PROMPT:
Skip every picture, and copy exactly the lines from the one containing "To start activating" to the end of the data.

PROVIDED INFORMATION START

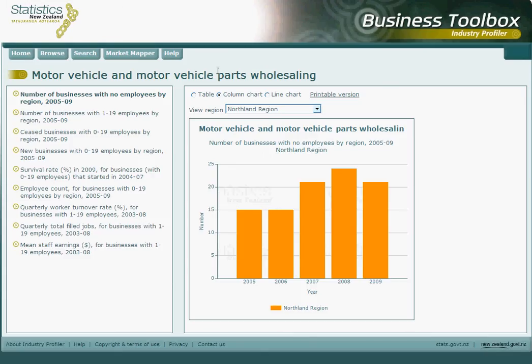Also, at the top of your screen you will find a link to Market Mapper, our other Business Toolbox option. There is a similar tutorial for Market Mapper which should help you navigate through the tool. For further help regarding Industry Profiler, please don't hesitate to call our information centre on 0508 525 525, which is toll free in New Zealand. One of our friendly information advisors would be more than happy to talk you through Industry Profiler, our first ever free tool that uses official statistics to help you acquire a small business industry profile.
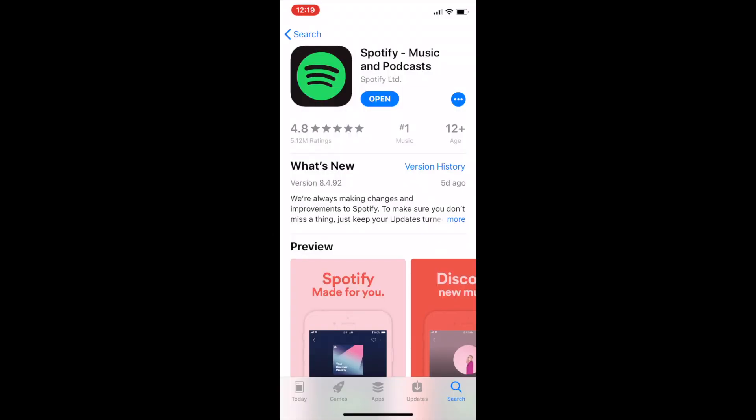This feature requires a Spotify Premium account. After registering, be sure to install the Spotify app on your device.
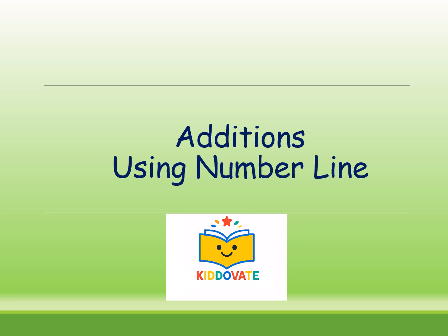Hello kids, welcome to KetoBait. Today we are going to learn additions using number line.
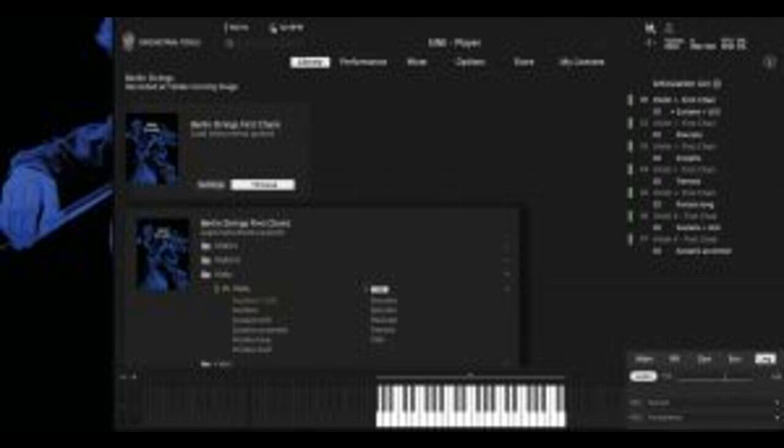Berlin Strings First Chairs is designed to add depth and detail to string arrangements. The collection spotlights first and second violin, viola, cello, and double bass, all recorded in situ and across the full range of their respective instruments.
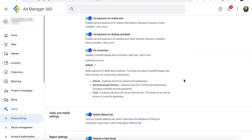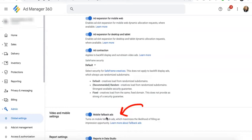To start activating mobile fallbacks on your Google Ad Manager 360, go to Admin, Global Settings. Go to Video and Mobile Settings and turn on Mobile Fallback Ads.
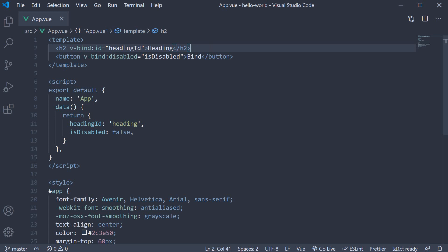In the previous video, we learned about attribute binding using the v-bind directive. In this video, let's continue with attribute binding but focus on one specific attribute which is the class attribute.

PROVIDED INFORMATION END

COMPLETED TASK:
To start activating mobile fallbacks on your Google Ad Manager 360, go to Admin, Global Settings. Go to Video and Mobile Settings and turn on Mobile Fallback Ads.
In the previous video, we learned about attribute binding using the v-bind directive. In this video, let's continue with attribute binding but focus on one specific attribute which is the class attribute.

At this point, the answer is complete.